Una stagione iniziata male in estate, nonostante i propositi positivi di tutte le componenti giallorosse, con cessioni dolorose a lungo rimpiante, non solo fuori, ma colpevolmente dentro le mura di Trigoria. Una serie di acquisti che non si sono rivelati azzeccati, per colpe dei singoli, per la cattiva gestione di Di Francesco, per l’incapacità del ‘gruppo storico di assorbire i nuovi’ (Ranieri dixit) mentre si continuava a piangere sul capezzale dei vecchi appena partiti.

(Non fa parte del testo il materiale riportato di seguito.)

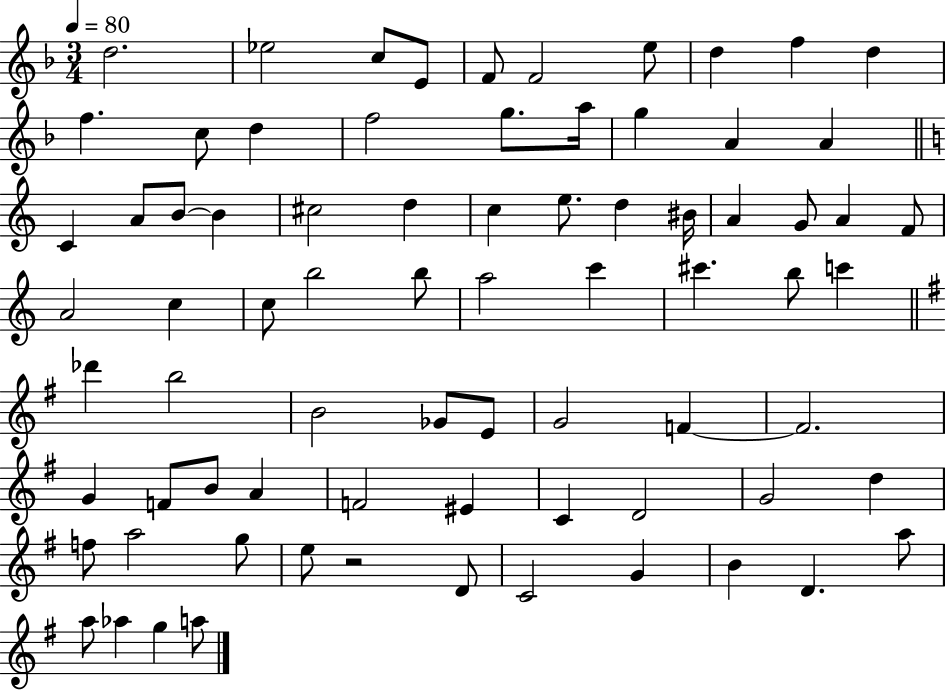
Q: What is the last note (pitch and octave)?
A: A5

Una società assente, aleatoria, con un proprietario a Boston capace solo di lanciare strali verbali contro i suoi dipendenti nei momenti più delicati e che non ha mai avvertito il bisogno di salire sul suo jet privato e raggiungere in poche ore la capitale, per capire da vicino cosa stesse accadendo. La ‘fuga’ o la ‘cacciata’ di Monchi – spettro del deus ex machina sevillista – poi l’inevitabile esonero di Di Francesco (ex semifinalista di Champions) su cui pesano responsabilità gravi soprattutto legate alla gestione fisica di un gruppo, giunto ieri quasi alla soglia dei 50 infortuni muscolari.

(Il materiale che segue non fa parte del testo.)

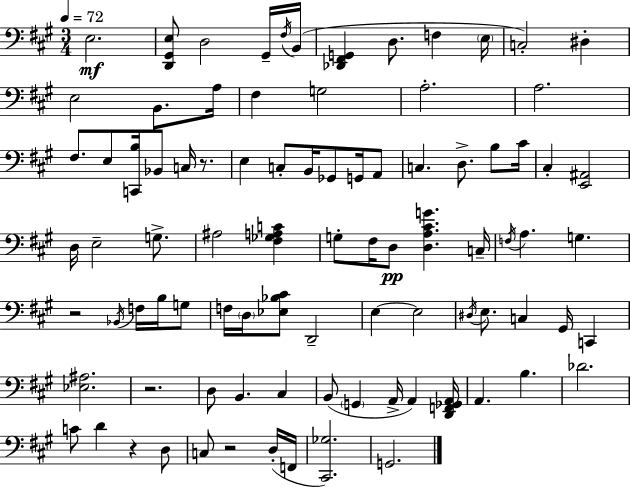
{
  \clef bass
  \numericTimeSignature
  \time 3/4
  \key a \major
  \tempo 4 = 72
  \repeat volta 2 { e2.\mf | <d, gis, e>8 d2 gis,16-- \acciaccatura { fis16 } | b,16( <des, fis, g,>4 d8. f4 | \parenthesize e16 c2-.) dis4-. | \break e2 b,8. | a16 fis4 g2 | a2.-. | a2. | \break fis8. e8 <c, b>16 bes,8 c16 r8. | e4 c8-. b,16 ges,8 g,16 a,8 | c4. d8.-> b8 | cis'16 cis4-. <e, ais,>2 | \break d16 e2-- g8.-> | ais2 <fis ges a c'>4 | g8-. fis16 d8\pp <d a cis' g'>4. | c16-- \acciaccatura { f16 } a4. g4. | \break r2 \acciaccatura { bes,16 } f16 | b16 g8 f16 \parenthesize d16 <ees bes cis'>8 d,2-- | e4~~ e2 | \acciaccatura { dis16 } e8. c4 gis,16 | \break c,4 <ees ais>2. | r2. | d8 b,4. | cis4 b,8( \parenthesize g,4 a,16-> a,4) | \break <d, f, ges, a,>16 a,4. b4. | des'2. | c'8 d'4 r4 | d8 c8 r2 | \break d16-.( f,16 <cis, ges>2.) | g,2. | } \bar "|."
}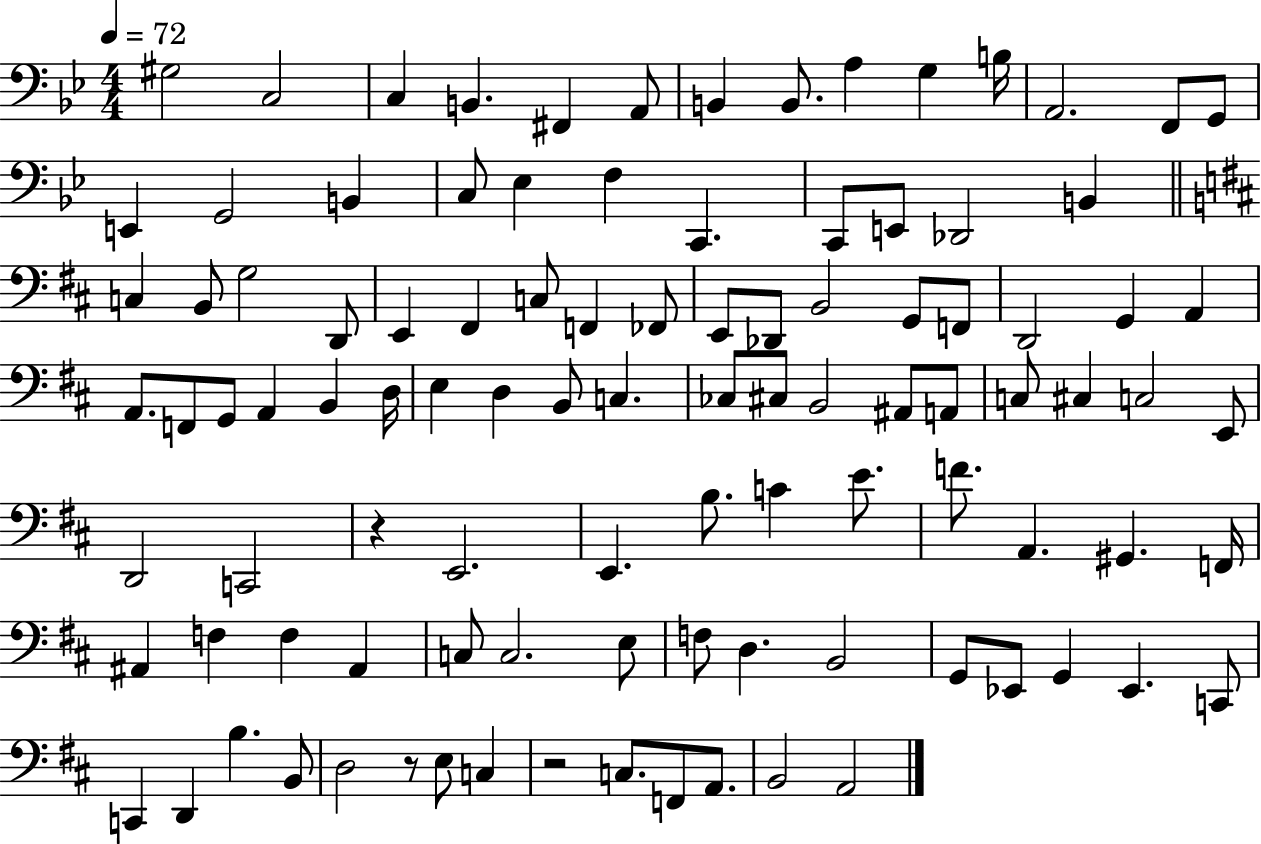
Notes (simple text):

G#3/h C3/h C3/q B2/q. F#2/q A2/e B2/q B2/e. A3/q G3/q B3/s A2/h. F2/e G2/e E2/q G2/h B2/q C3/e Eb3/q F3/q C2/q. C2/e E2/e Db2/h B2/q C3/q B2/e G3/h D2/e E2/q F#2/q C3/e F2/q FES2/e E2/e Db2/e B2/h G2/e F2/e D2/h G2/q A2/q A2/e. F2/e G2/e A2/q B2/q D3/s E3/q D3/q B2/e C3/q. CES3/e C#3/e B2/h A#2/e A2/e C3/e C#3/q C3/h E2/e D2/h C2/h R/q E2/h. E2/q. B3/e. C4/q E4/e. F4/e. A2/q. G#2/q. F2/s A#2/q F3/q F3/q A#2/q C3/e C3/h. E3/e F3/e D3/q. B2/h G2/e Eb2/e G2/q Eb2/q. C2/e C2/q D2/q B3/q. B2/e D3/h R/e E3/e C3/q R/h C3/e. F2/e A2/e. B2/h A2/h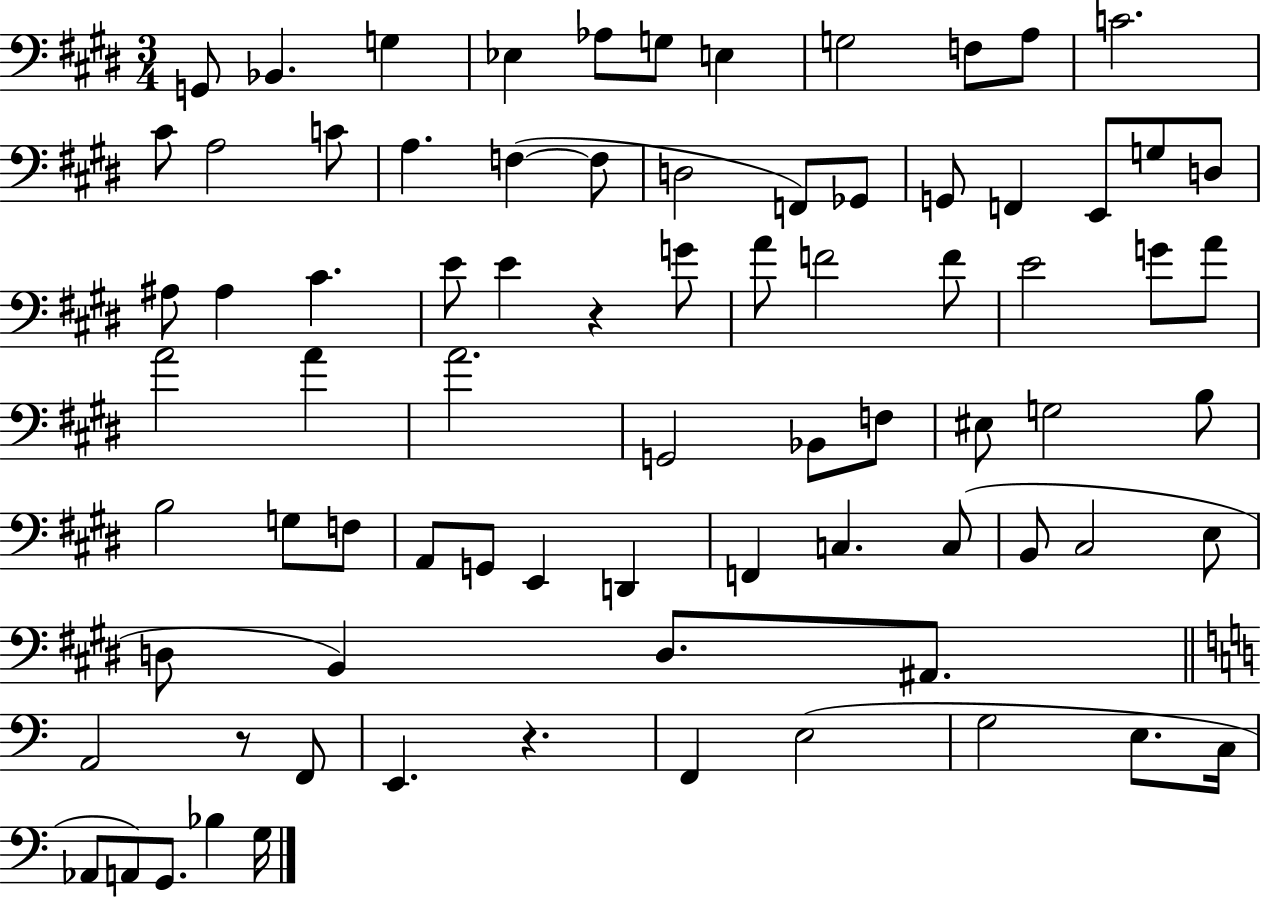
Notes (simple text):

G2/e Bb2/q. G3/q Eb3/q Ab3/e G3/e E3/q G3/h F3/e A3/e C4/h. C#4/e A3/h C4/e A3/q. F3/q F3/e D3/h F2/e Gb2/e G2/e F2/q E2/e G3/e D3/e A#3/e A#3/q C#4/q. E4/e E4/q R/q G4/e A4/e F4/h F4/e E4/h G4/e A4/e A4/h A4/q A4/h. G2/h Bb2/e F3/e EIS3/e G3/h B3/e B3/h G3/e F3/e A2/e G2/e E2/q D2/q F2/q C3/q. C3/e B2/e C#3/h E3/e D3/e B2/q D3/e. A#2/e. A2/h R/e F2/e E2/q. R/q. F2/q E3/h G3/h E3/e. C3/s Ab2/e A2/e G2/e. Bb3/q G3/s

In ultimo l’arrivo di Ranieri, con il richiamo del cuore e dell’orgoglio romanista, il cui effetto però è apparso relativo: più un ‘tamponatore’ che un ‘restauratore’ vista la media punti del tecnico testaccino: 1.69, identica a quella raccolta fino al suo arrivo da Di Francesco (44 punti in 26 partite, 1,69). Il cambio di marcia non c’è mai stato veramente, visti gli errori commessi dai calciatori dalla Roma anche ieri, con un atteggiamento più compatto e un pressing di fatto abolito: 7 punti persi nei minuti di recupero e potevano essere 8 se Sanabria non avesse calciato addosso a Mirante il rigore finale. “Ci restano 4 finali” il refrain espresso a più riprese da diversi tesserati giallorossi alla vigilia del match contro il Genoa, ma l’atteggiamento in campo è stato a tratti imbarazzante: zero voglia, zero cattiveria, zero capacità di gestire e comprendere i diversi momenti della partita. 

C’è qualcuno che sostiene: “dal fondo del baratro si può solo risalire”. Il problema è che oggi non si sa a chi aggrapparsi. Non si comprende quale sia il progetto di questa proprietà, su cui peserà l’esclusione dalla Champions in termini finanziari e quindi, di riflesso, in chiave investimenti futuri. Non si conosce ancora il nome del nuovo direttore sportivo (4° in 8 stagioni) a maggio, con un probabile e inevitabile rallentamento di tutta la macchina operativa legata al calciomercato estivo. Massara che appare e scompare, anche lui in attesa di conoscere il suo futuro. Si attende la risposta di Conte, che nel frattempo ha cambiato le sue utenze telefoniche e si è chiuso in un silenzio riflessivo (per qualcuno d’attesa in vista delle decisioni finali di Andrea Agnelli a Torino, sponda bianconera). Che ruolo sta avendo e soprattutto avrà Francesco Totti nella ricostruzione? Se dovesse saltare l’ipotesi Conte – unica speranza di accorciare i tempi della rifondazione – quale allenatore sarà scelto per ripartire? La situazione Stadio sullo sfondo impantanata nelle more di una partita politica dall’esito assolutamente incerto. Un quadro disarmante, che vede i tifosi della Roma, unica parte lesa di questa triste storia, attendere come anime in pena immerse in questo dantesco limbo, da cui non sembra esserci via d’uscita…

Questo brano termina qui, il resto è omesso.